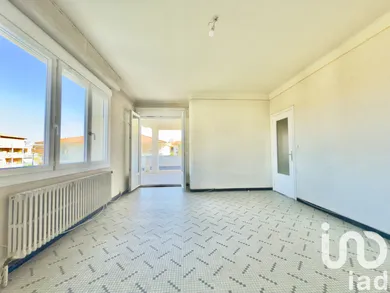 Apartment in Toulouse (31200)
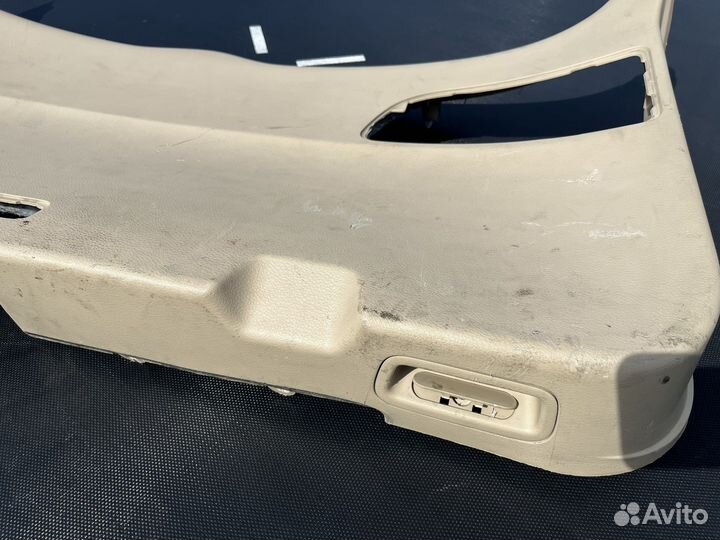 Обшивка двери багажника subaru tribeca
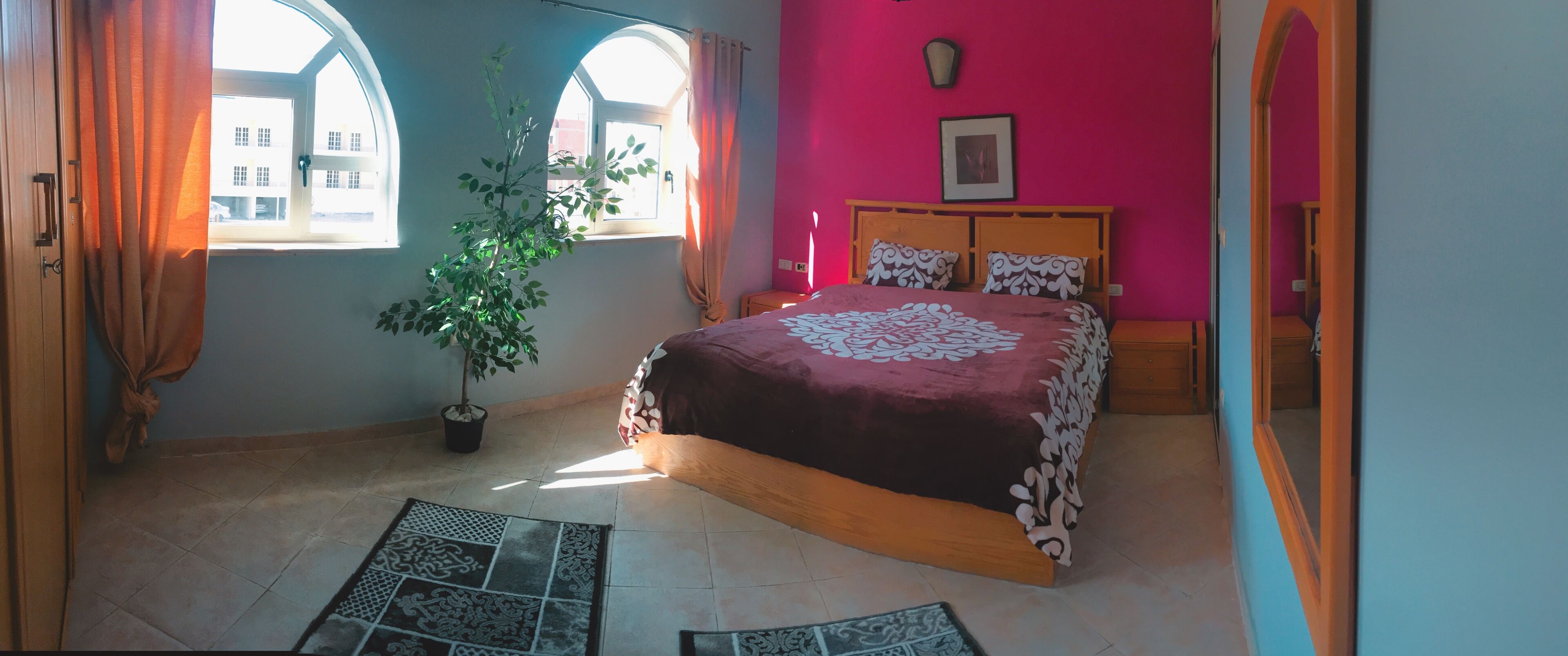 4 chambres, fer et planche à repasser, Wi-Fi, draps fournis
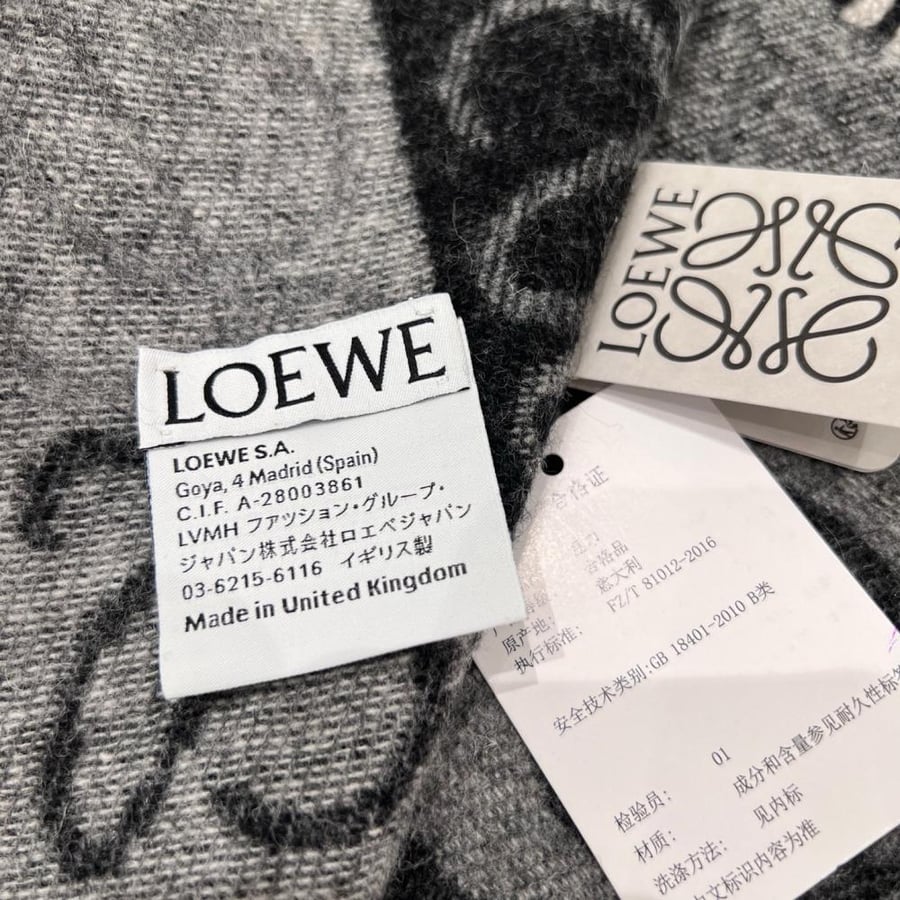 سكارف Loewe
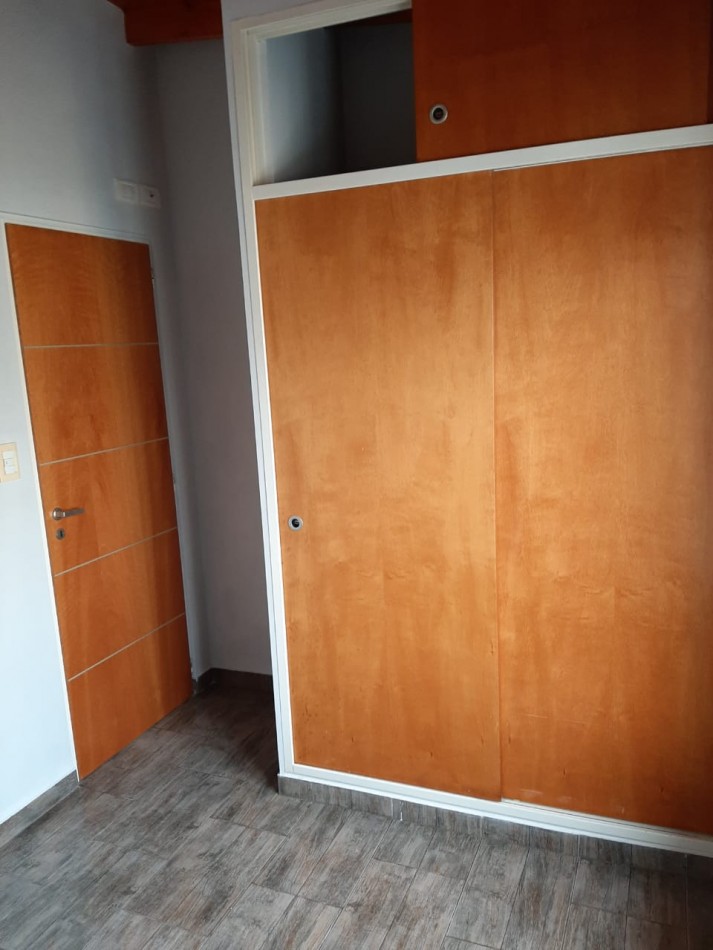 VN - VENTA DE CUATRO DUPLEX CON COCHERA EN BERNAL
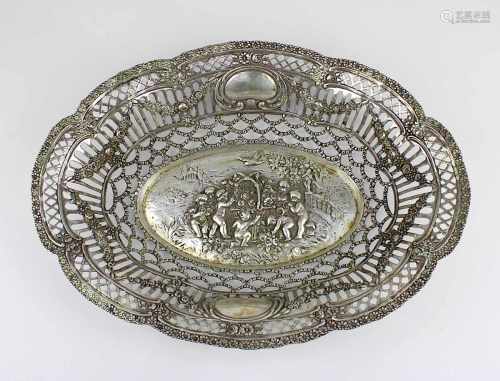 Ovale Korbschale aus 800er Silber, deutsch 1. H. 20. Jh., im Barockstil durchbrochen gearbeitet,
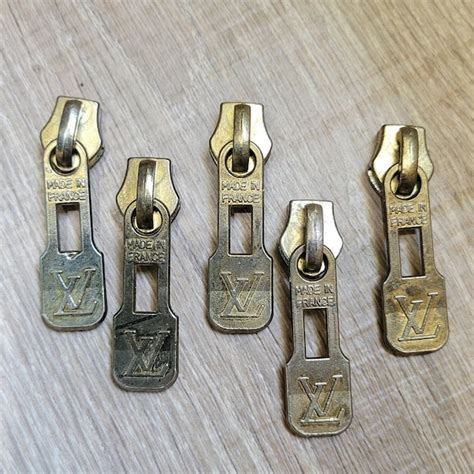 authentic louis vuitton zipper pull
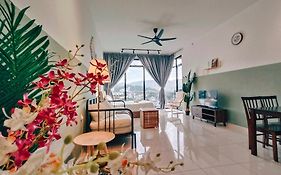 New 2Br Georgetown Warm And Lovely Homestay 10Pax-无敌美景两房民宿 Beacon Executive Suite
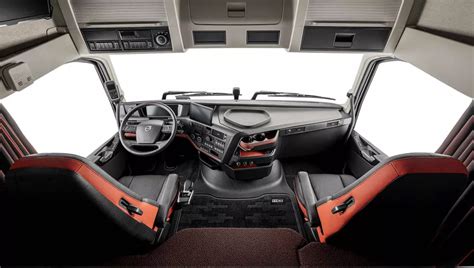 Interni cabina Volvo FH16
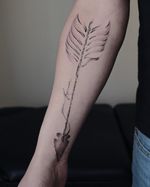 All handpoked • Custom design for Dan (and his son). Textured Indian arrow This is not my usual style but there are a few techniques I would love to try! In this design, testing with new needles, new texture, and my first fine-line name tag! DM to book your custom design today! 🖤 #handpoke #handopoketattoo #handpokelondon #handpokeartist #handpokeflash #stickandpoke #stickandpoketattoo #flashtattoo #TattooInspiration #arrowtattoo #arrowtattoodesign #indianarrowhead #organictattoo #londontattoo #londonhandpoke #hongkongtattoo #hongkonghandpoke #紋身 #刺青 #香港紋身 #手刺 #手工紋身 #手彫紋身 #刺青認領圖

━━━━━━

-- PROMPT --
Set down the records precisely as they appear. Any picture stays out.

-- WRITTEN SOLUTION --
 Apartment in Toulouse (31200)
 Обшивка двери багажника subaru tribeca
 4 chambres, fer et planche à repasser, Wi-Fi, draps fournis
 سكارف Loewe
 VN - VENTA DE CUATRO DUPLEX CON COCHERA EN BERNAL
 Ovale Korbschale aus 800er Silber, deutsch 1. H. 20. Jh., im Barockstil durchbrochen gearbeitet,
 authentic louis vuitton zipper pull
 New 2Br Georgetown Warm And Lovely Homestay 10Pax-无敌美景两房民宿 Beacon Executive Suite
 Interni cabina Volvo FH16
 All handpoked • Custom design for Dan (and his son). Textured Indian arrow This is not my usual style but there are a few techniques I would love to try! In this design, testing with new needles, new texture, and my first fine-line name tag! DM to book your custom design today! 🖤 #handpoke #handopoketattoo #handpokelondon #handpokeartist #handpokeflash #stickandpoke #stickandpoketattoo #flashtattoo #TattooInspiration #arrowtattoo #arrowtattoodesign #indianarrowhead #organictattoo #londontattoo #londonhandpoke #hongkongtattoo #hongkonghandpoke #紋身 #刺青 #香港紋身 #手刺 #手工紋身 #手彫紋身 #刺青認領圖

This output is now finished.